On “The fallacy of placing confidence in confidence intervals”

Note: if you read this post, make sure to read the comments/discussion below it with Richard Morey, author of the paper in question, who put me straight on a number of points.

Thanks to Twitter I came across the latest draft of a very nicely written and thought provoking paper “The fallacy of placing confidence in confidence intervals”, by Morey, Rouder, Hoekstra, Lee and Wagenmakers. The paper aims to show why frequentist confidence intervals do not posses a number of properties that researchers often believe that they do. In contrast, they show that Bayesian credible intervals posses these desired properties, and advocate the replacement of confidence intervals with Bayesian credible intervals.

The fundamental fallacy
Their paper is very nice, and I highly recommend people to read it in general, and also so that the following makes sense. I am personally becoming more of a Bayesian by the day. This post is therefore not a defence of confidence intervals in general. Nonetheless, I do take issue somewhat with the author’s ‘fundamental confidence fallacy’, which I think comes down to different perspectives on the meaning of probability. My view is probably a consequence of my ignorance and failure of understanding, but I shall describe my view here in any case, so that I might be corrected in my thinking.

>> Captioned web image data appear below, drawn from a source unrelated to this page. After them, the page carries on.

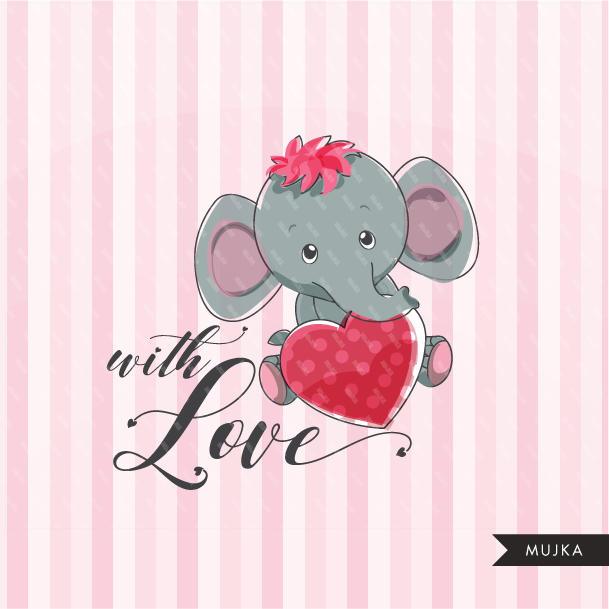 cute animal valentines day wallpaper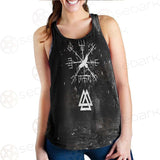 Viking Tree Of Life Sun And Moon SED-0546 Women Tank Top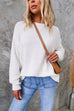 Meridress Crewneck Drop Shoulder Solid Pullover Sweater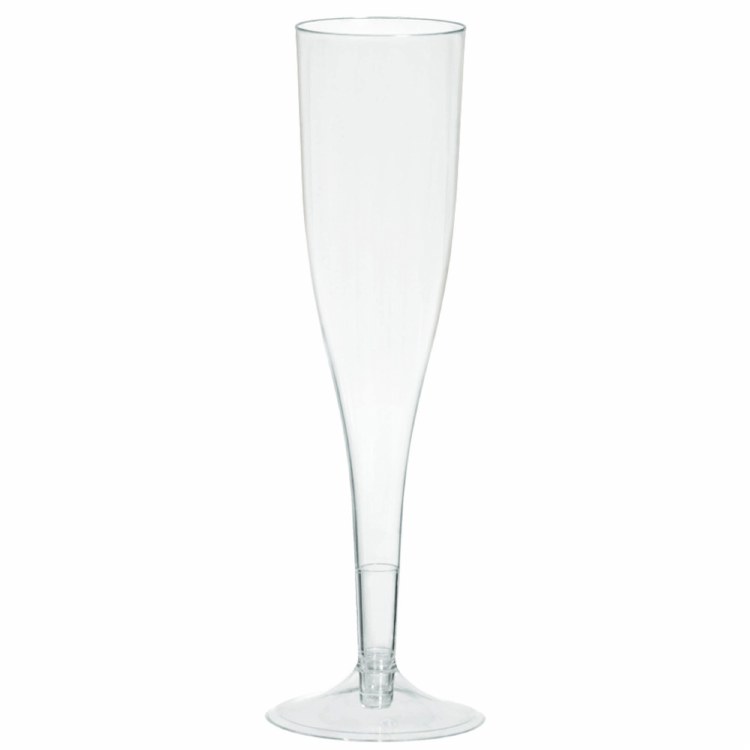 Champagne Flutes Clear 20ct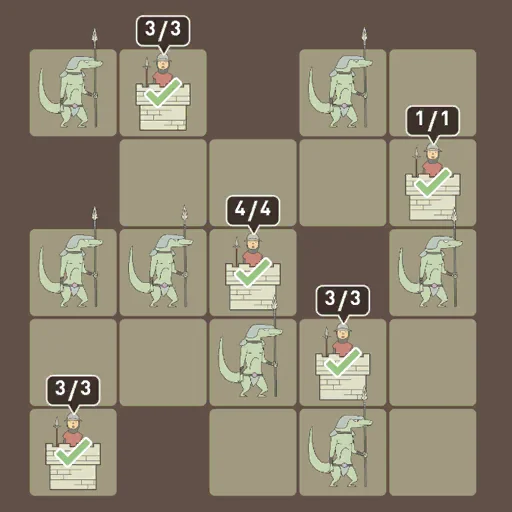 IQ Dungeon 2 Bonus 3 hint picture for Find the Enemies' Locations!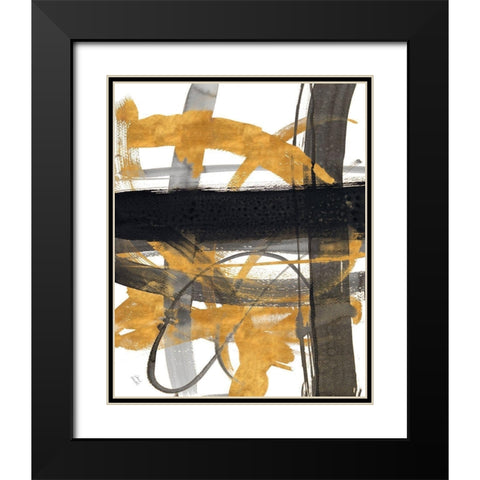 Urban Vibe With Gold III Black Modern Wood Framed Art Print with Double Matting by Loreth, Lanie
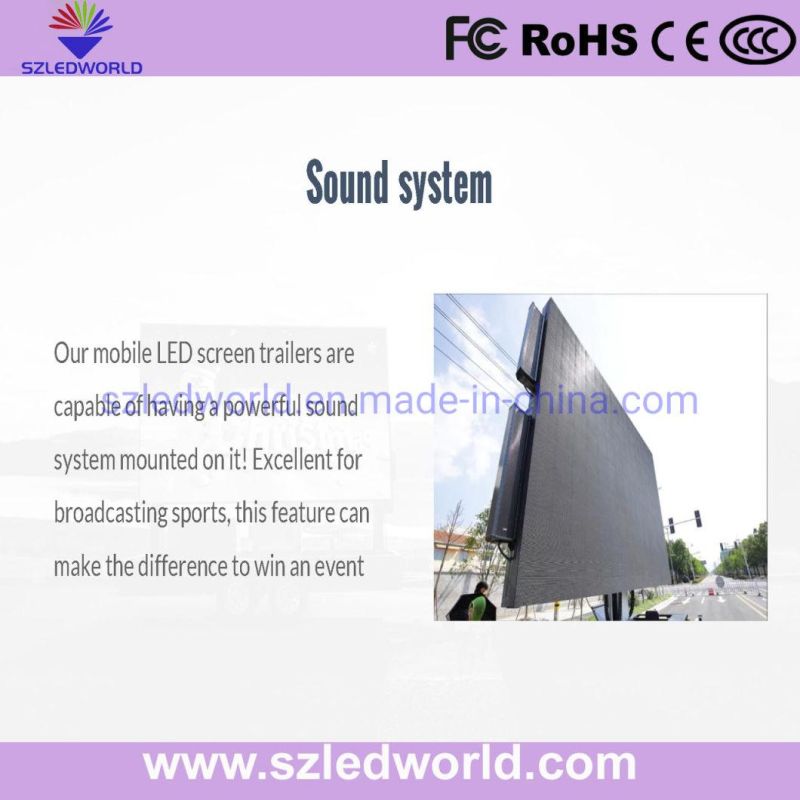 P5 Outdoor Energy Saving Trailer LED Display Screen for Advertising
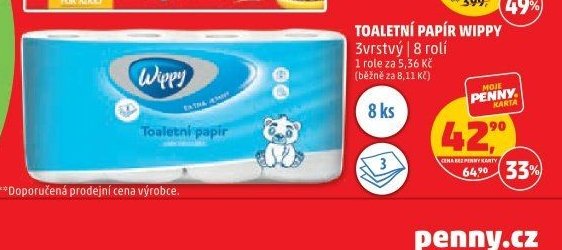 TOALETNÍ PAPÍR WIPPY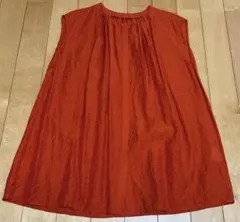 Demi-Luxe BEAMS ノースリーブトップス 36 オレンジ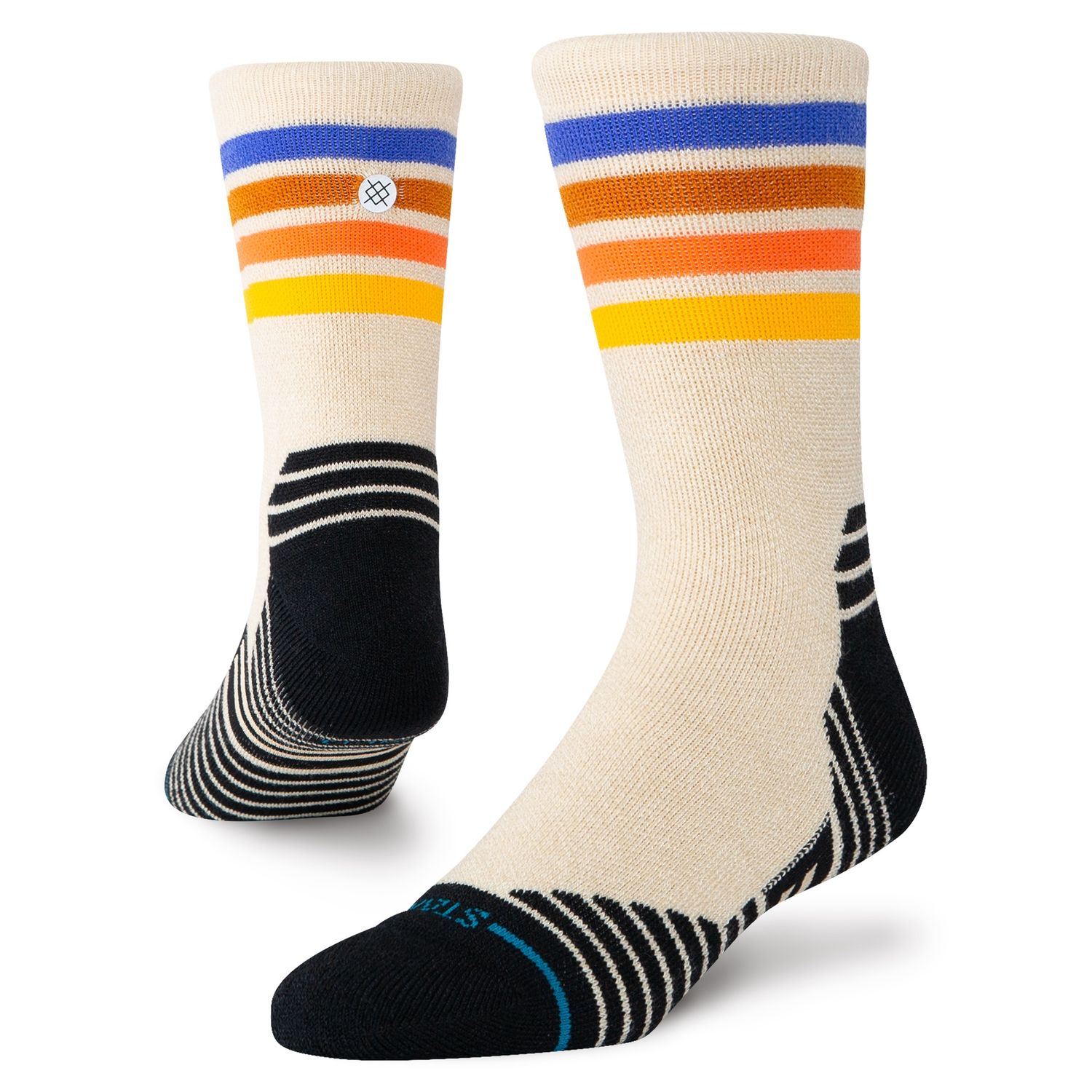 Bridgerton Mid Crew Socks Canvas, Color: Canvas, Size: Large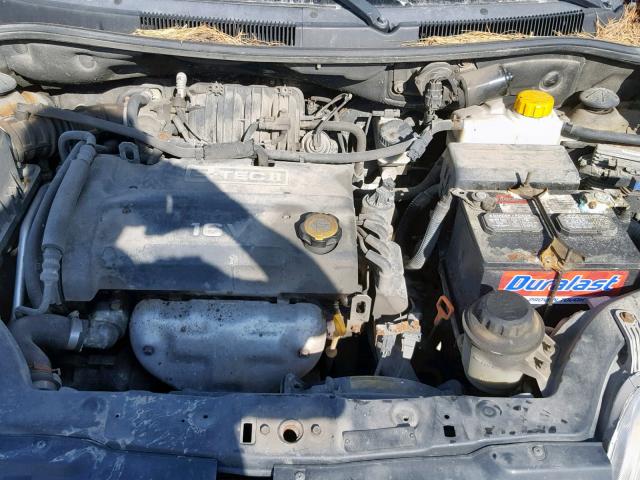 KL1TD66608B151573 - 2008 CHEVROLET AVEO BASE Қара фото 7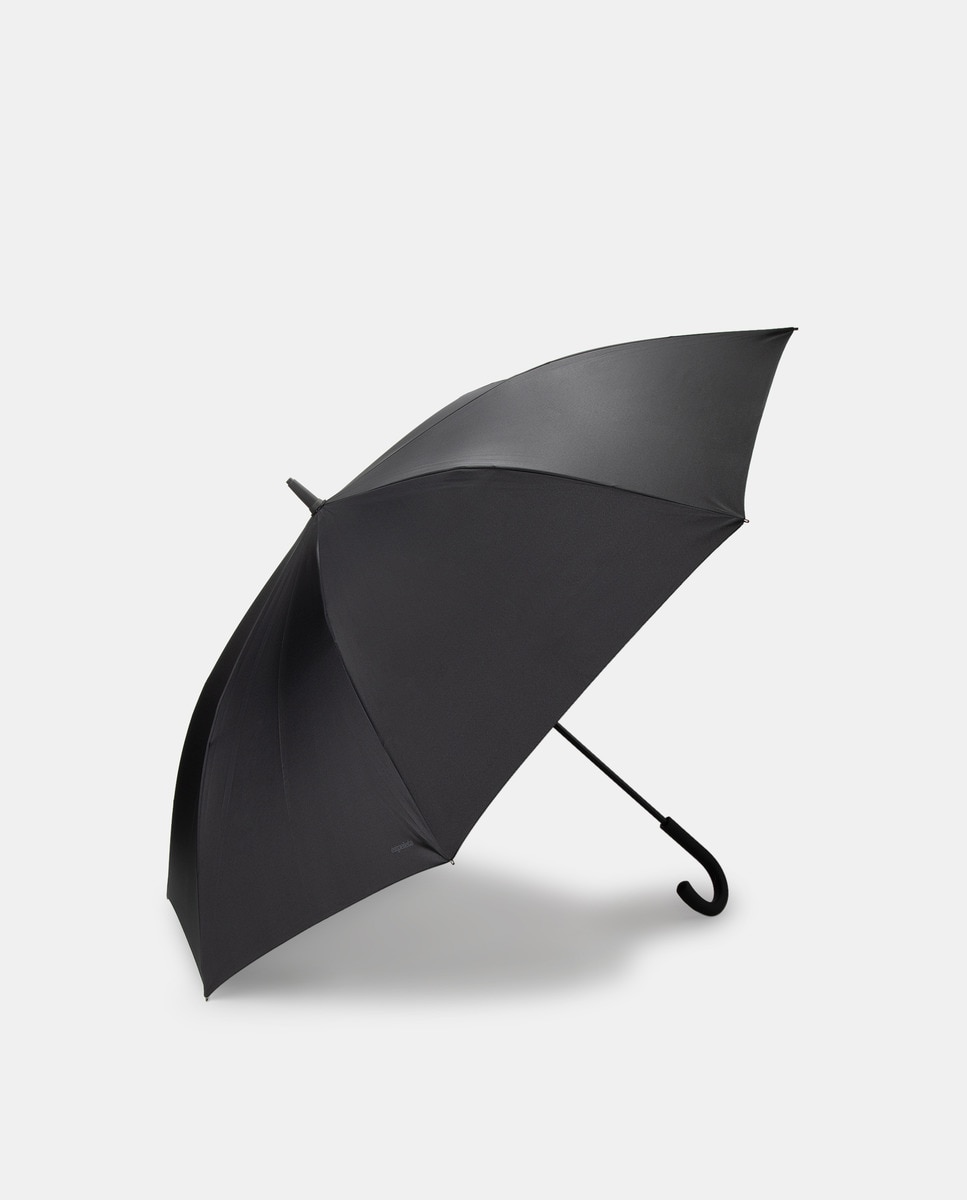 Guarda-chuva comprido automático preto liso Preto-1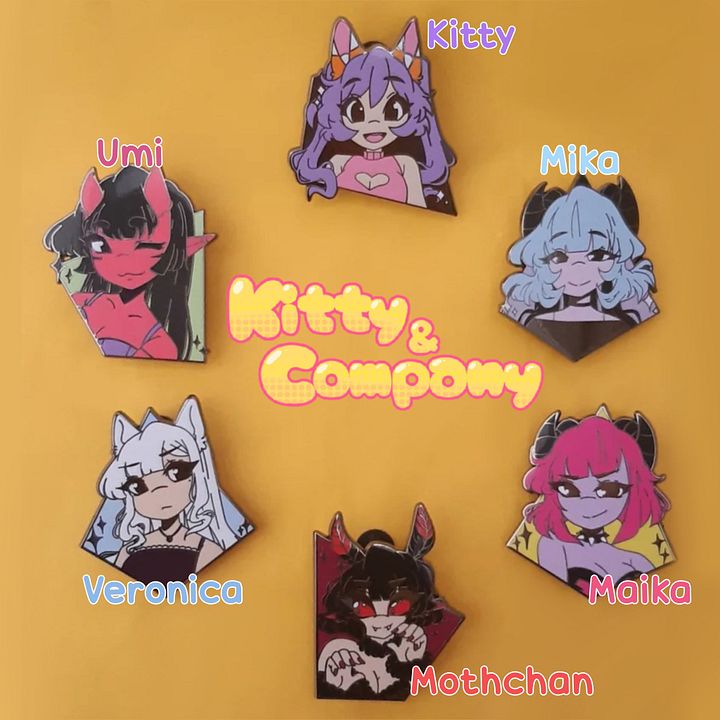 Kitty & Co Enamel Pins - Season 1 & 2 product image (1)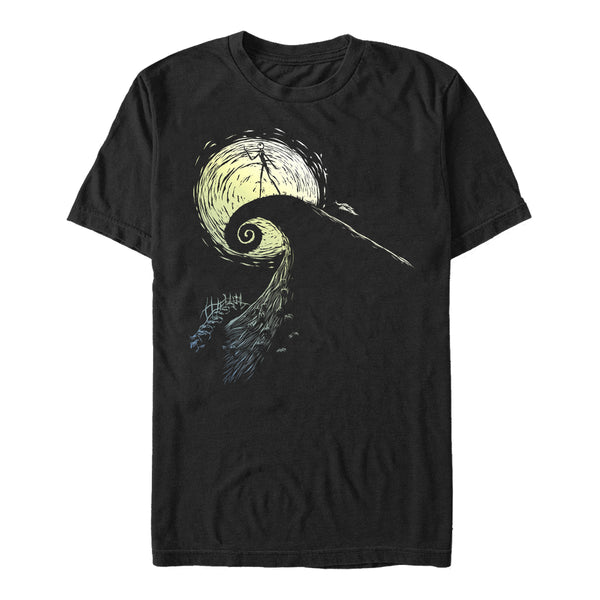 Nightmare Before Christmas Tričko Unisex (Spiral Hill Jack)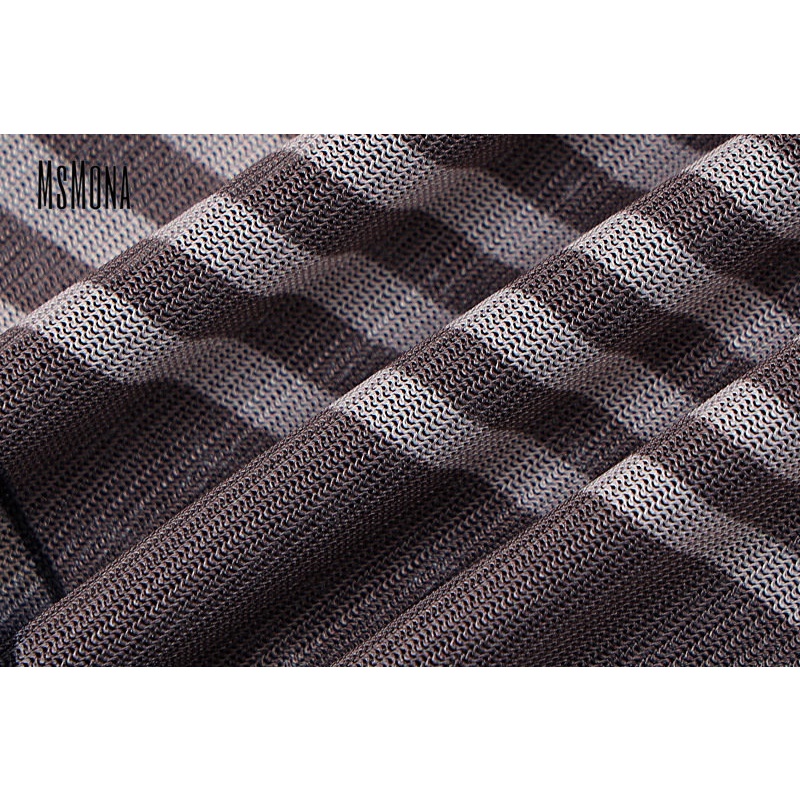 Bộ Áo Liền Quần Cổ Tròn Tay Dài Xuyên Thấu Phối Màu Tương Phản Thời Trang 2023 Cho Nữ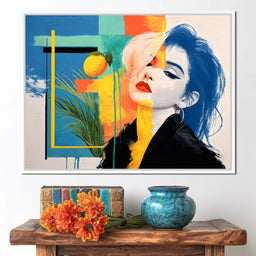 Vivid Citrus Pop Portrait Muse - NicheCanvas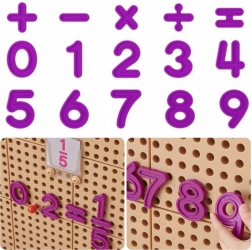 Masterkidz set de chiffres et de signes mathématiques pour panneaux muraux STEM, 82 pièces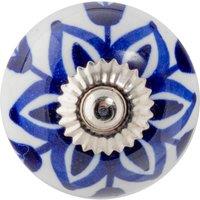 Nicola Spring Round Ceramic Cabinet Knob in Navy | Size: 1000mm x 500mm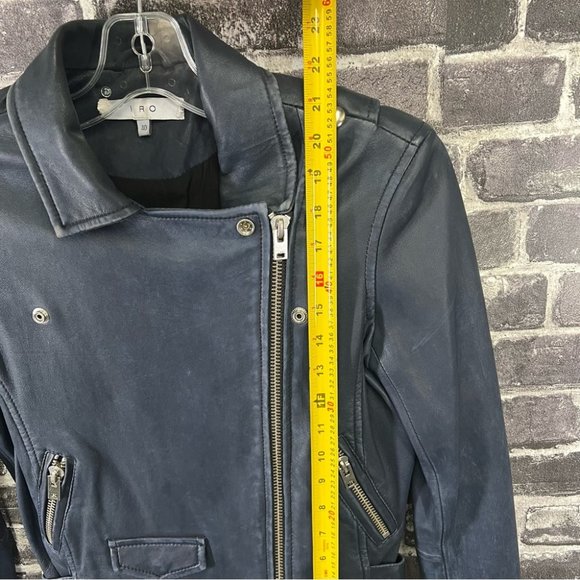 IRO ASHVILLE cropped biker leather jacket - Picture 14 of 14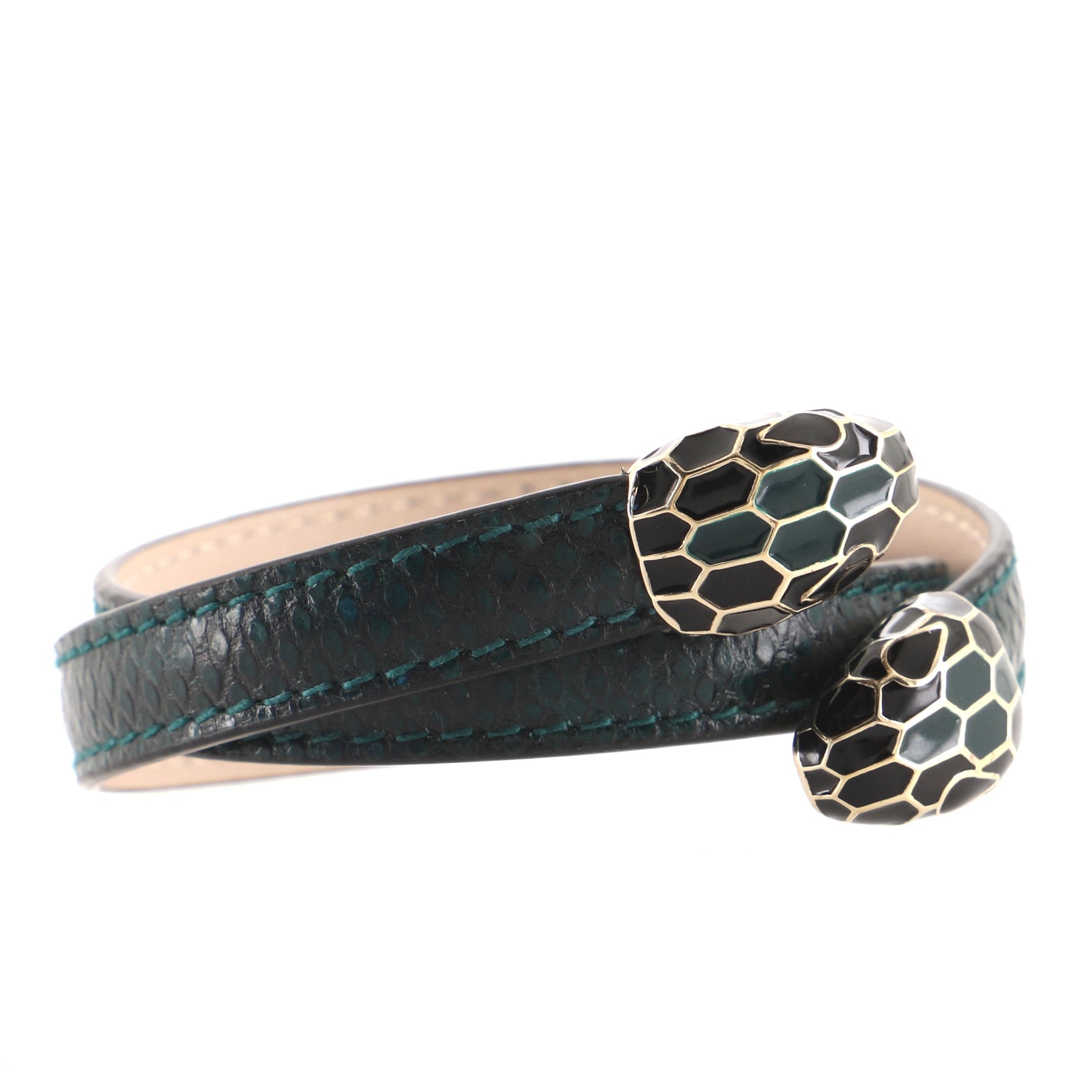 Serpenti Forever Double Wrap Bracelet Leather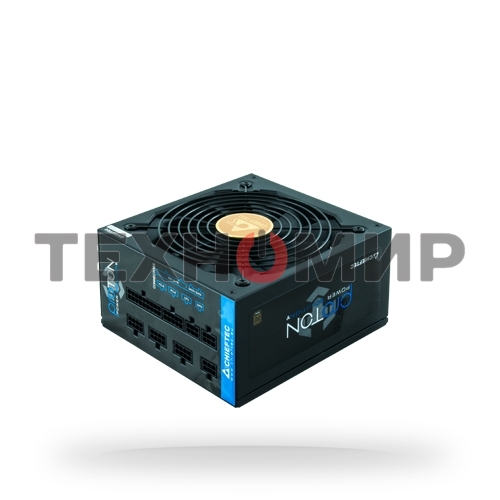 Блок питания Chieftec BDF-1000C, 1000Вт, 80 PLUS Bronze, 140мм, модульный, черный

The authors describe this fundamental fallacy as:

“If the probability that a random interval contains the true value is X%, then the plausibility or probability that a particular observed interval contains the true value is X%,” or “We have X% confidence that the observed interval contains the true value.”

The authors describe an example situation (locating a submarine), with a single unknown parameter \theta. They then describe a number of different procedures for constructing a 50% confidence interval for \theta. In the particular setup they consider, the different confidence intervals are nested within each other. They then argue (following Fisher apparently):

“If all intervals had a 50% probability of containing the true value, then all the probability must be contained in the shortest of the intervals. Because each procedure is by itself a 50% procedure, the procedure which chooses the shortest of 50% intervals will contain the true value less than 50% of the time. Hence believing the FCF (fundamental confidence fallacy) results in a logical contradiction.”

This quote begins “If all intervals had a 50% probability of containing the true value”. First, and as the authors clearly understand, given the datasets, and the calculated CIs, in truth each CI either does or does not contain the true value. Thus if we make a statement that an interval has a 50% probability of containing the truth, we must be clear what we mean by saying it has 50% probability of being true. A Bayesian uses a definition of probability in terms of measure of certainty or belief, and as far as I understand it, does not make reference to long run frequencies. In contrast, a frequentist defines probabilities in terms of an imagined repetition of experiments. In the case of a 50% CI, the frequentist means that in 50% of repeated experiments the CI would contain the true value.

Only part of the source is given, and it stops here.